• Work to complete:
Should the listing contain images, exclude them; give the rest again exactly.

• Material provided:
·····

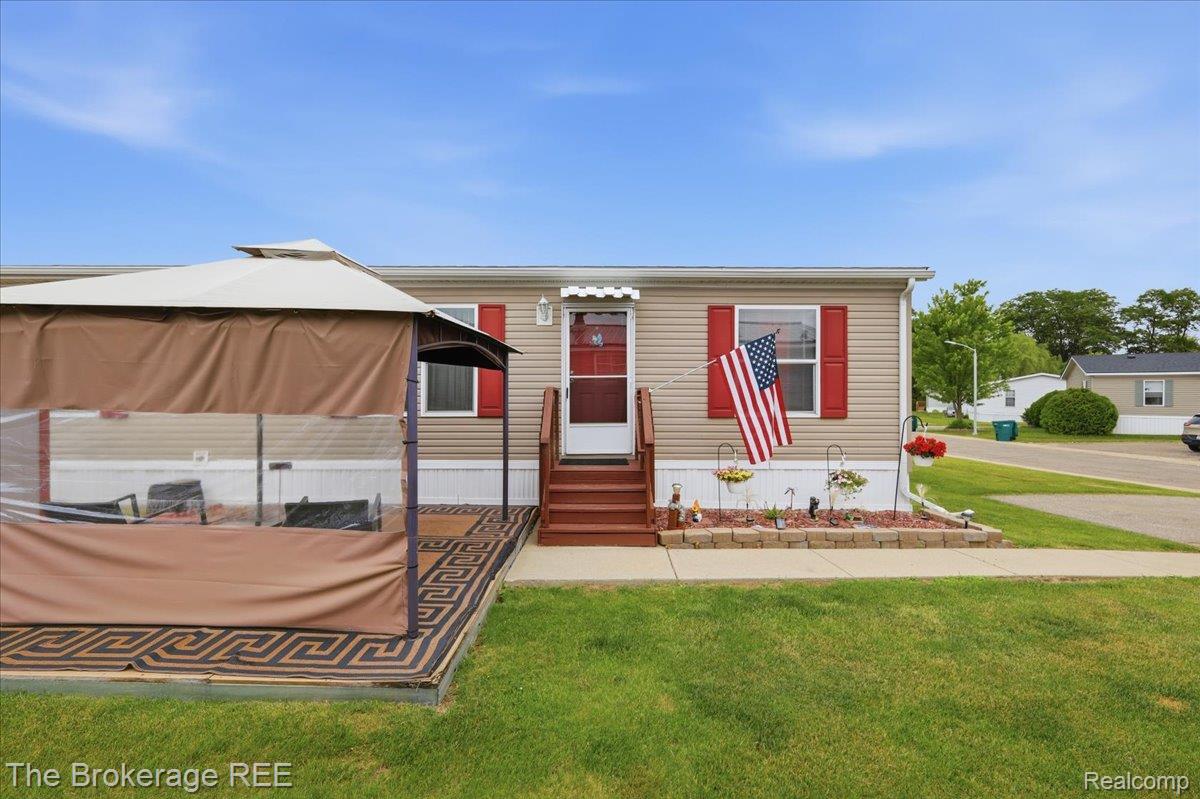 9542 Foxwell Circle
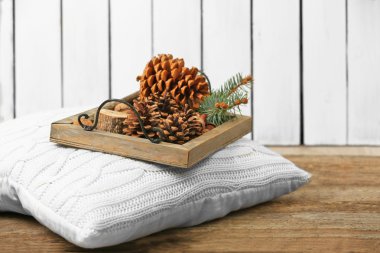 kosz drewniany z szyszki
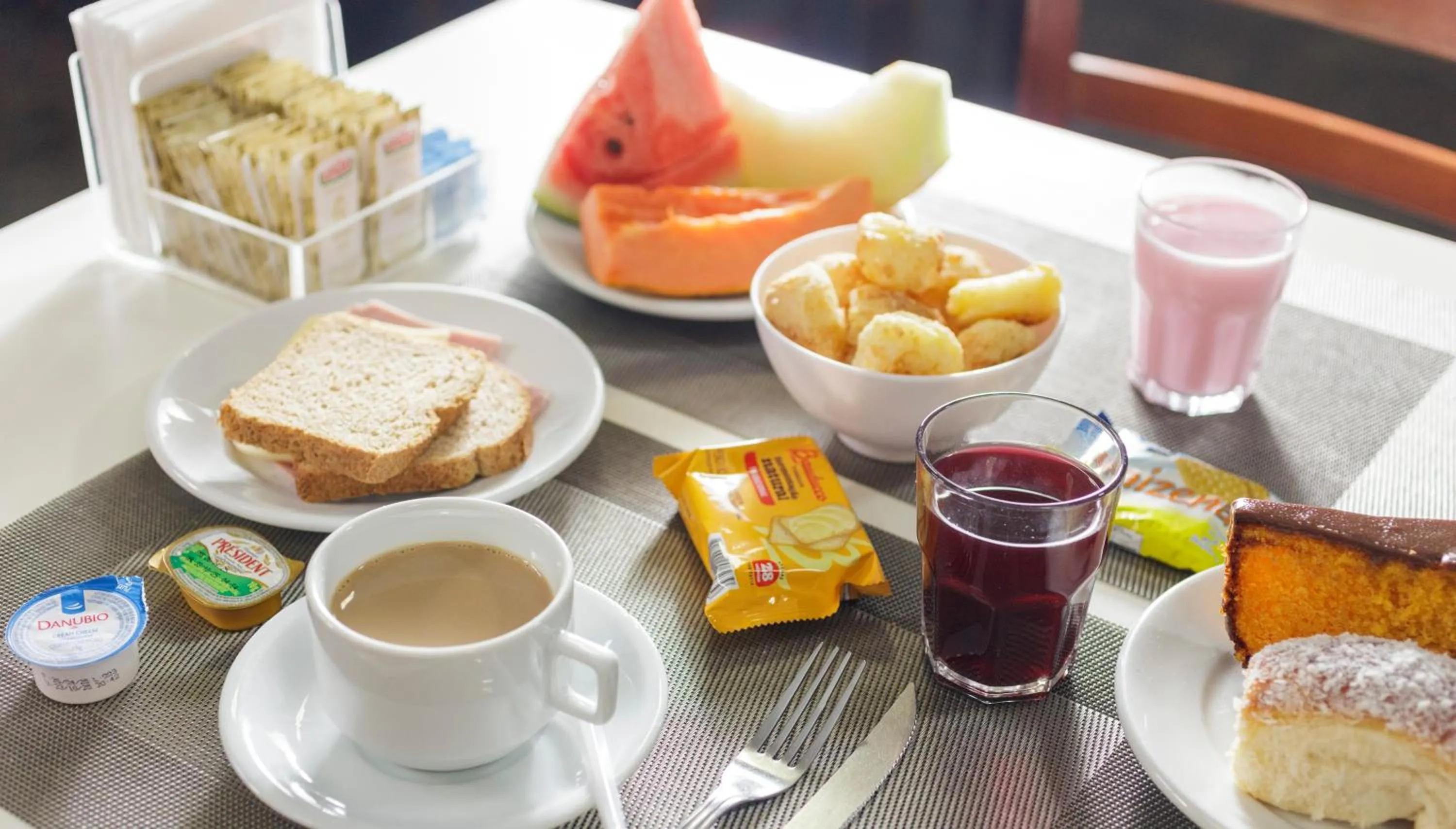 Breakfast in Cardim Plaza Hotel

·····

• Solution to this exercise:
 9542 Foxwell Circle
 kosz drewniany z szyszki
 Breakfast in Cardim Plaza Hotel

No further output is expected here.